─── Source records
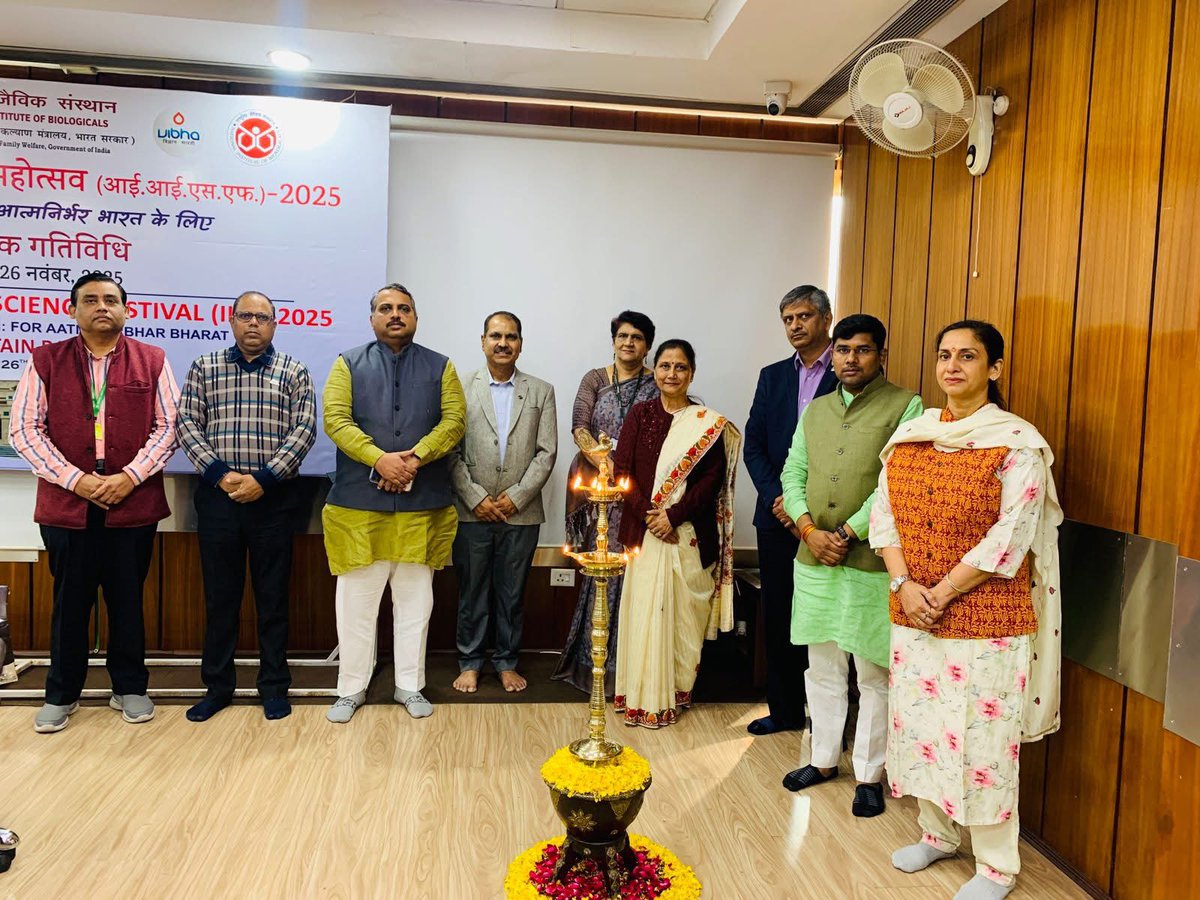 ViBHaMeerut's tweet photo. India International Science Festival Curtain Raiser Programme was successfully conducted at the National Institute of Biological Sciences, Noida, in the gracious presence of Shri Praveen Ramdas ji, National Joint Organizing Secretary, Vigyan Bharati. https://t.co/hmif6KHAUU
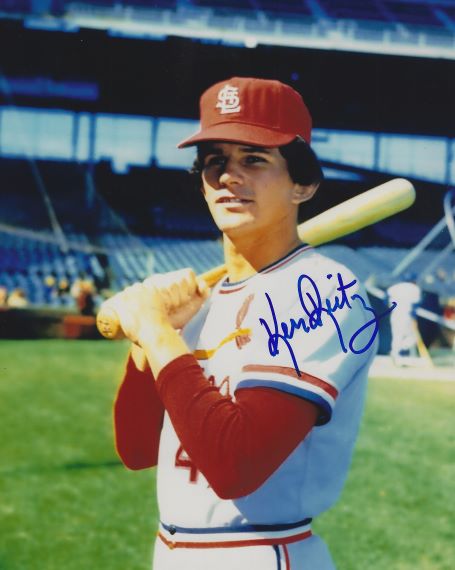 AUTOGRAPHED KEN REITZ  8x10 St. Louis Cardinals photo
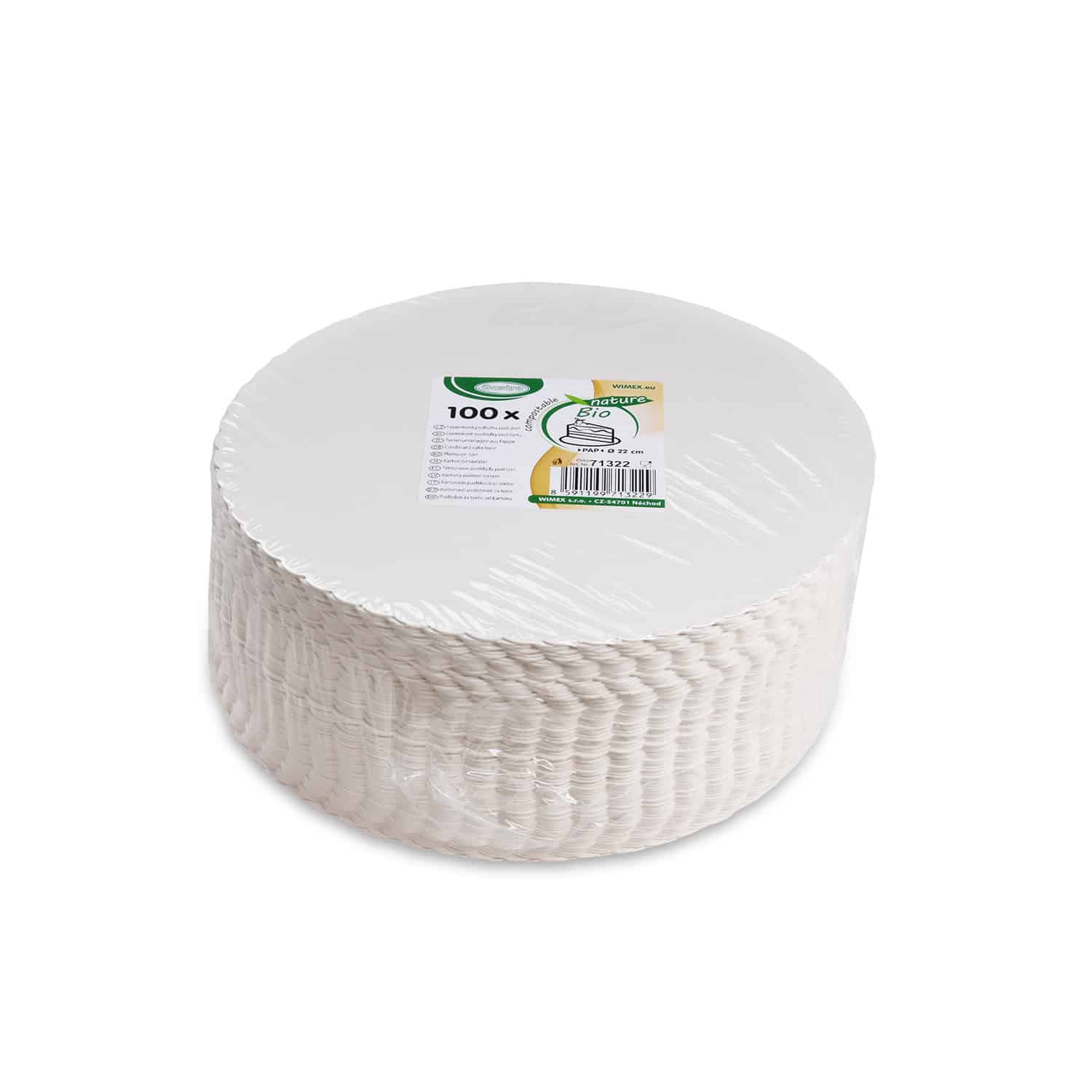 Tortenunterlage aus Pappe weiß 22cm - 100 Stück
──────
─── Source records
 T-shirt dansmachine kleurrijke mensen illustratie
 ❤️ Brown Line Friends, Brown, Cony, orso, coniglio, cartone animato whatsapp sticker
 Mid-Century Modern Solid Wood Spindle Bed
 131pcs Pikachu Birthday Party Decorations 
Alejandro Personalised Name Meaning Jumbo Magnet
──────
» **Exercise details**
Copy word for word the lines of the records above from the one with "AUTOGRAPHED KEN REITZ" up to and including the one with "Tortenunterlage aus Pappe". Skip the pictures.

» **The completed task**
 AUTOGRAPHED KEN REITZ  8x10 St. Louis Cardinals photo
 Tortenunterlage aus Pappe weiß 22cm - 100 Stück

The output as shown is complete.